| Description of the task |
Restate word for word the section of the entries that opens at the line containing "車門剛打開沒幾秒 警一句：「東西在哪拿出來」 男秒認栽持毒！1" and closes at the line containing "Stolik boczny LICIA", both lines kept, pictures dropped.

| Dataset records |
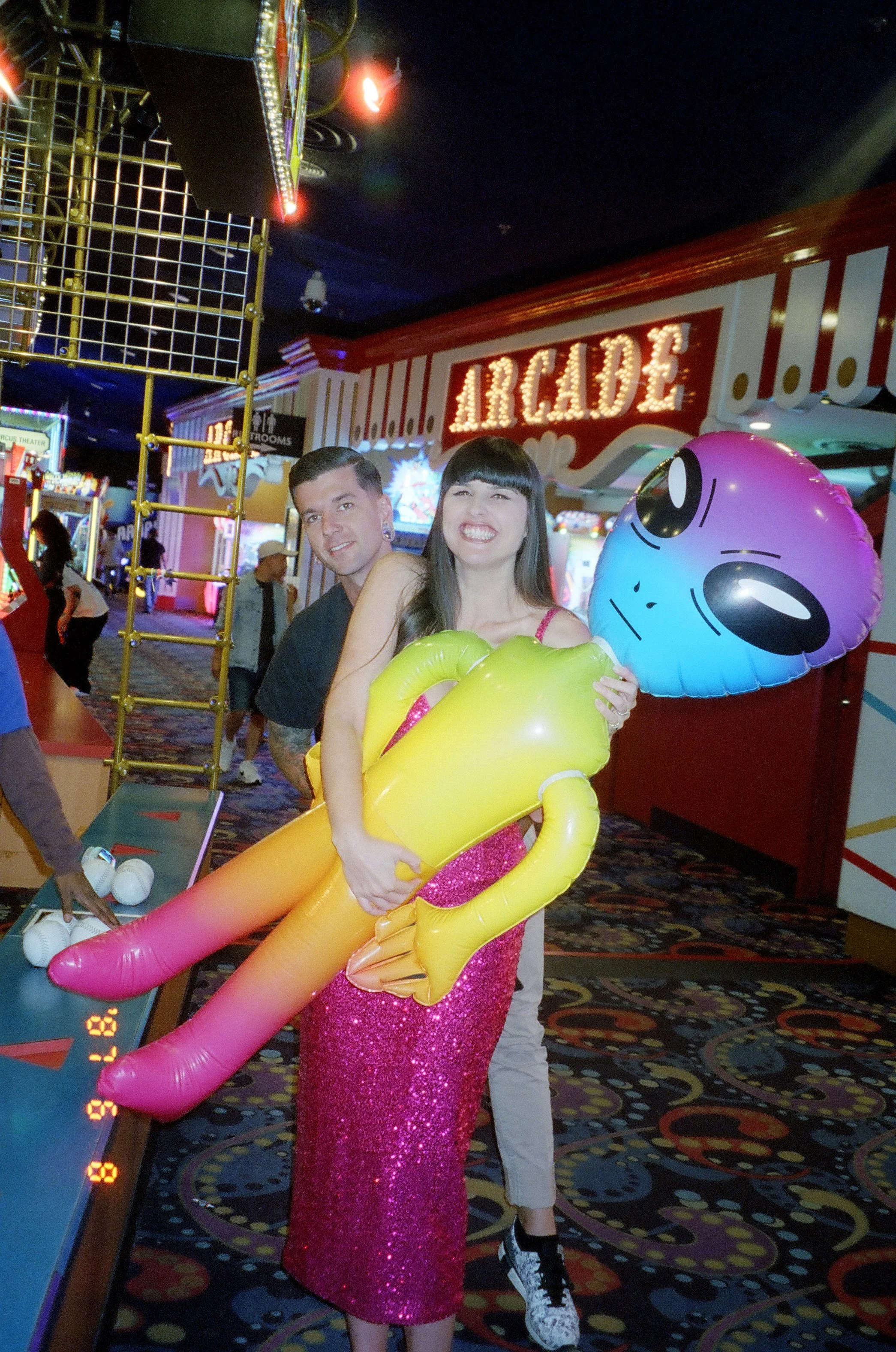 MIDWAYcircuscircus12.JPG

---

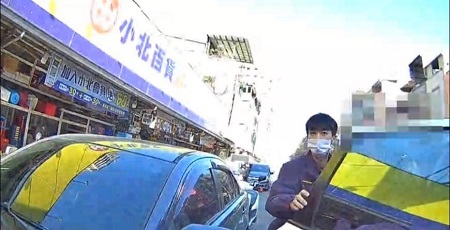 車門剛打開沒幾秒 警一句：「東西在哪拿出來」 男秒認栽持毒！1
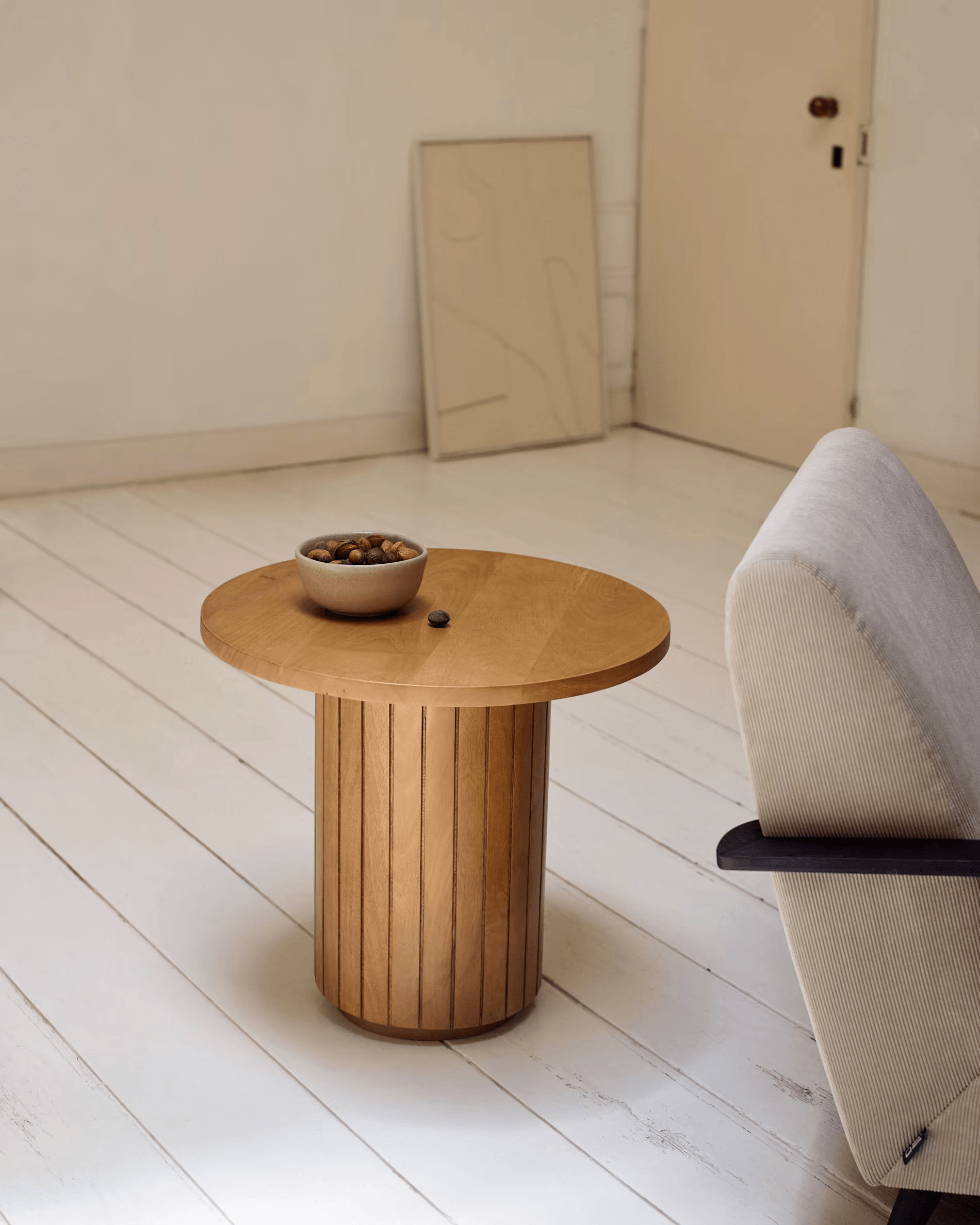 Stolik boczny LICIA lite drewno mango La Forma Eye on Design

| Finished exercise |
 車門剛打開沒幾秒 警一句：「東西在哪拿出來」 男秒認栽持毒！1
 Stolik boczny LICIA lite drewno mango La Forma Eye on Design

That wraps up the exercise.